> [TASK DETAILS]:
Within the lines below, the span from the line with "Pin 180mAh bwvj" to the line with "Gmc Coloring Pages Free Printable", both ends included, is to be reproduced exactly, with pictures omitted.

> [PROVIDED RECORDS]:
╭──

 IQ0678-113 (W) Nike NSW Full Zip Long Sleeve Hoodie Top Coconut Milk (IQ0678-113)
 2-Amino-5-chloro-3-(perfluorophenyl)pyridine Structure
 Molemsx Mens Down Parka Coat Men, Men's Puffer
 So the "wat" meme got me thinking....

╰──
╭──

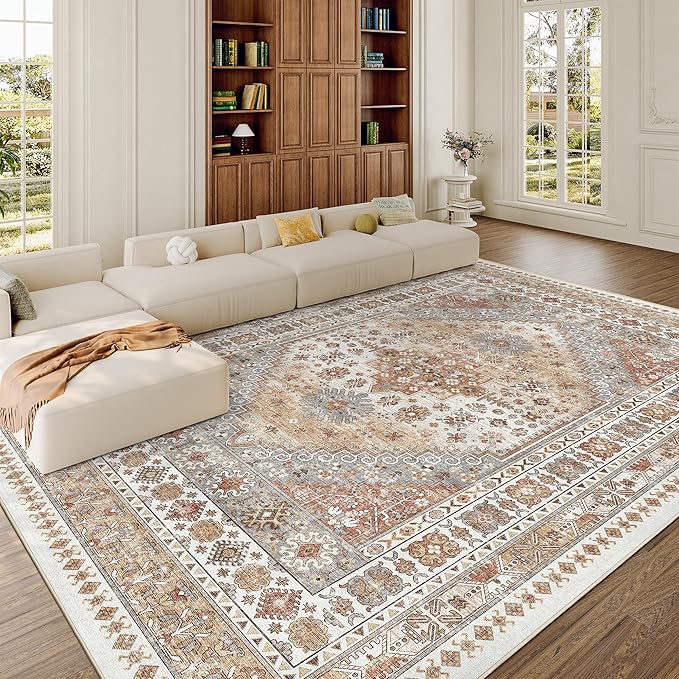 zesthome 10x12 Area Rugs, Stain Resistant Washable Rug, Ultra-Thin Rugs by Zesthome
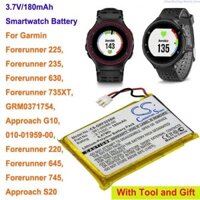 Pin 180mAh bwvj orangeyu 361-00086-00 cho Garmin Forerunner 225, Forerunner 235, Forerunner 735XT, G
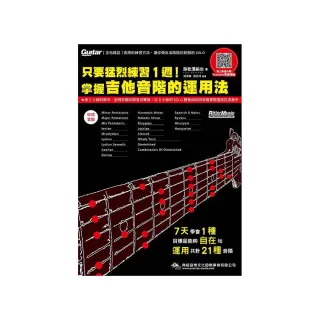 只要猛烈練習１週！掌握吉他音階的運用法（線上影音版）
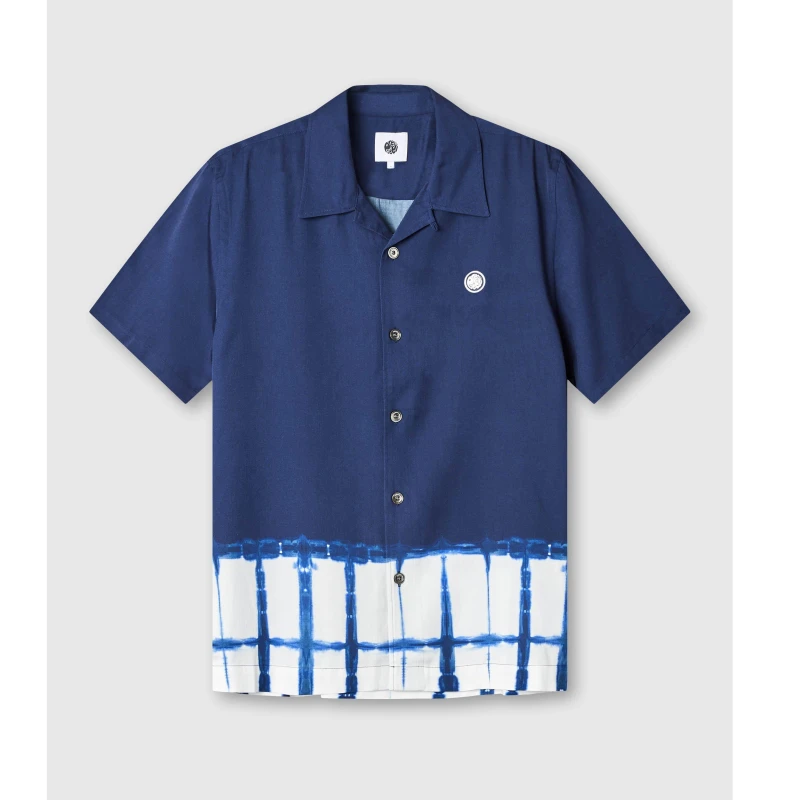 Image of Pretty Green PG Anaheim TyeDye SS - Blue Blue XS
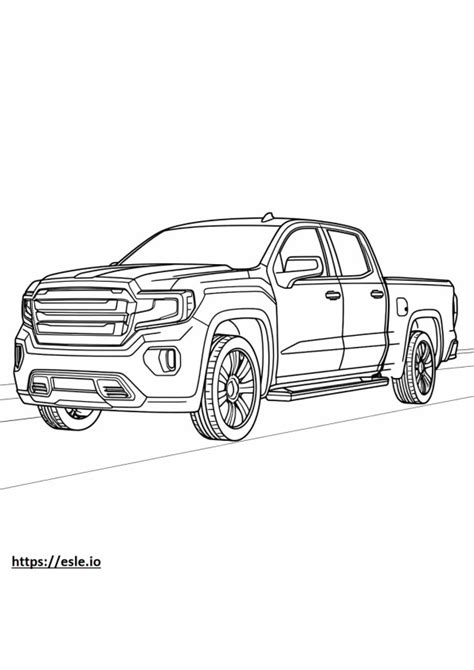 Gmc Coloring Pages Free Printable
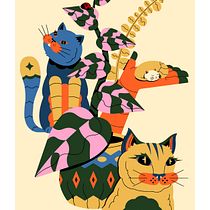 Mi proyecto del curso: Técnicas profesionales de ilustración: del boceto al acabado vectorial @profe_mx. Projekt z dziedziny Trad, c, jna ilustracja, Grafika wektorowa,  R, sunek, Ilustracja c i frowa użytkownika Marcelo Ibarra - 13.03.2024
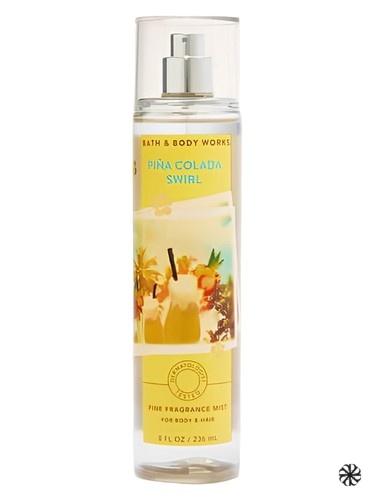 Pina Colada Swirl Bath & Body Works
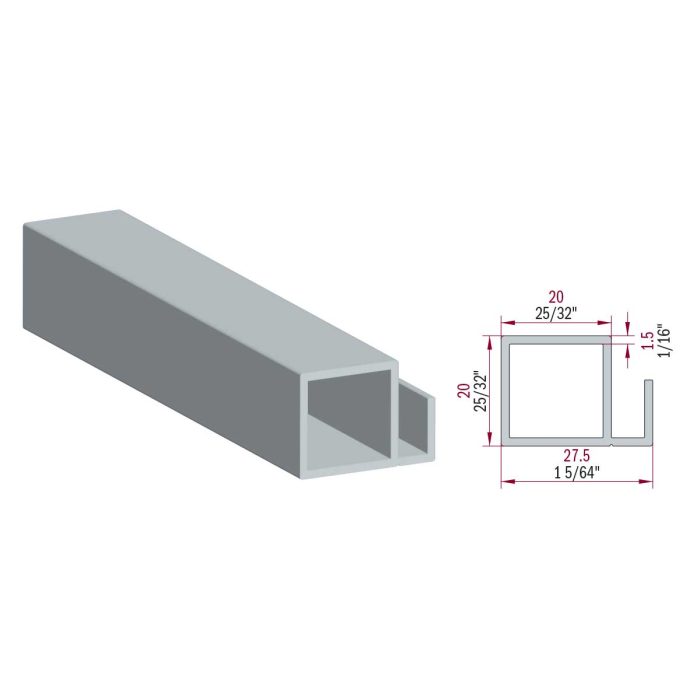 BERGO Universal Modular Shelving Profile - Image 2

╰──

> [SOLUTION FOR THIS PROBLEM]:
 Pin 180mAh bwvj orangeyu 361-00086-00 cho Garmin Forerunner 225, Forerunner 235, Forerunner 735XT, G
 只要猛烈練習１週！掌握吉他音階的運用法（線上影音版）
 Image of Pretty Green PG Anaheim TyeDye SS - Blue Blue XS
 Gmc Coloring Pages Free Printable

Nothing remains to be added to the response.